Astronomy is a Pseudoscience
On matters of Astronomy a general consensus is that Astronomy is a pseudoscience and that it will continue to be so for the foreseeable future. Being restricted by location, the astronomer is at a disadvantage. Astronomy does not, and can not, follow even the Scientific Method, which is an empirical method of inquiry which demands that an experiment be performed to confirm a hypothesis. The Astronomer cannot put the stars and planets under controlled experimental conditions to come to the truth of a matter. The Astronomer can only observe and interpret—a scientific fallacy which hinders progress.
From Copernicus to Stephen Hawking, its practitioners publish works but fail to perform experiments to confirm hypothesis, such as the hypothesis for the metric expansion of space. Scientists in other professions are expected to perform controlled experiments to come to the truth of the matter, so we must ask, why not the astronomers? If direct and demonstrated knowledge cannot be obtained then, as Samuel Birley Rowbotham explains in Earth Not a Globe, it is demanded by fundamental empirical tenets to leave the matter as unknown.
A Yale University astronomy course explains:
“ One of the questions asked in this astronomy course was "What type of experiment do astronomers perform?" None, was the answer. An astronomer's lab is his observatory. Astronomy is an observing science. Sight is the primary sense used in this science.

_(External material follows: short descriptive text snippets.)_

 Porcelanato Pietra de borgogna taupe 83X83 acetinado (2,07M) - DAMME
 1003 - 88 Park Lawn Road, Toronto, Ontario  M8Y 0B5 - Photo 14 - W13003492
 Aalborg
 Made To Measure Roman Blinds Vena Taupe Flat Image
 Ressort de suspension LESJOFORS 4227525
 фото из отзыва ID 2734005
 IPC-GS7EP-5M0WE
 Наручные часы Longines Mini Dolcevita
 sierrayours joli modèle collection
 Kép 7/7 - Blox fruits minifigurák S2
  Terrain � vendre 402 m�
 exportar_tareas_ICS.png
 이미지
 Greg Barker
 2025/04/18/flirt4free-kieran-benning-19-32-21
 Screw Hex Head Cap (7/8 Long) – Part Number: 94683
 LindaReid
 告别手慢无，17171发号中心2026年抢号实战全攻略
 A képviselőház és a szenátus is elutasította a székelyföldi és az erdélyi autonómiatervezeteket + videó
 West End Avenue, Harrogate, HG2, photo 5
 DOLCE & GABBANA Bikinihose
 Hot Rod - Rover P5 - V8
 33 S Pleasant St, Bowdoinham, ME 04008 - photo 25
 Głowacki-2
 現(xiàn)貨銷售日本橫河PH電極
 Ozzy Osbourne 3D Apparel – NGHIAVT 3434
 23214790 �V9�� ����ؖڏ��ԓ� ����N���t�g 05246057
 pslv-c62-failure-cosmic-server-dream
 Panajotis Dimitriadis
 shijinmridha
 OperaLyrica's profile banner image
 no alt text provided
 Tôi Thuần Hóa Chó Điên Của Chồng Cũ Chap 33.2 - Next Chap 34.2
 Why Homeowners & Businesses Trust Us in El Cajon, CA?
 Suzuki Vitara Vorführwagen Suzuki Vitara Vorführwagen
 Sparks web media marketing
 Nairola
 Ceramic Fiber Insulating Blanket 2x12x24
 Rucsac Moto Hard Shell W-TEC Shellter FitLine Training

The instrument that enhances this endeavor is the telescope. ”
The Scientific Method
The Scientific Method is a method of inquiry which is expected even of school children, where an experiment is demanded to confirm a hypothesis.
Without experimental confirmation of a hypothesis, the "science" of astronomy is merely one hypothesis built upon the next in mumbling pretension and is of questionable value.